Her first two novels were Amazon bestsellers, and are being re-published by Bookouture, starting with The Summer Escape, which is out today. (Happy pub day!)
She lives with her husband and her English bulldog, Fudge, and brings her love for the sea and country-living to her fiction.
We get Jen two months in a row, as there are some changes ahead. She's here today to talk about her best friend and the fun they had as kids. I'm sure we can all relate!
Friends 'Til the End
If April showers bring May flowers, then I guess it’s still the month of April in Indiana. I’m not sure what the skies look like in your neck of the woods lately, but mine are dreary. I mean March-like grey days, perpetual raindrops falling; overwhelming icky-ness hovers in the air. C’mon summer, where art thou? I’ll tell you where summer is. It’s waiting to announce its arrival on May 20 at 3:30 PM. The last school bell will ring here enticing children and teachers alike to croon the Alice Cooper anthem, School’s Out For Summer.
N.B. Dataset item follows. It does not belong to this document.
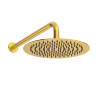 Bateria prysznicowa CASCADE zestaw 2 SHINY GOLD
My children’s anticipation for no more pencils and no more books started churning my grey matter as I recalled my own summer vacations. I wanted to share one with you that rose above the others. Mostly because it was the summer I discovered I wanted to be Olivia Newton John; hot pants, hair, red heels, and all.
In 1978, with first grade officially under my belt, I became a Mud Rat. A proud moment for my parents as you can imagine. I joined the swim team at Centennial Beach in Naperville, Illinois where my inner fish could be released. Backstroke, freestyle, relays, Marco Polo—you name it, I loved it. During one early morning drive to practice, a thermos my mom had filled with coffee spilled onto my hand when our chocolate tinted Pontiac LeMans took a corner a little sharper than usual. This left me with second degree burns on my left hand and provided the important sympathy card I cashed in the rest of the summer. I procured it to see Grease in the theater four times, frequent visits to Grandma Gert’s candy shop, and racked up a nice stash of new Barbie dolls.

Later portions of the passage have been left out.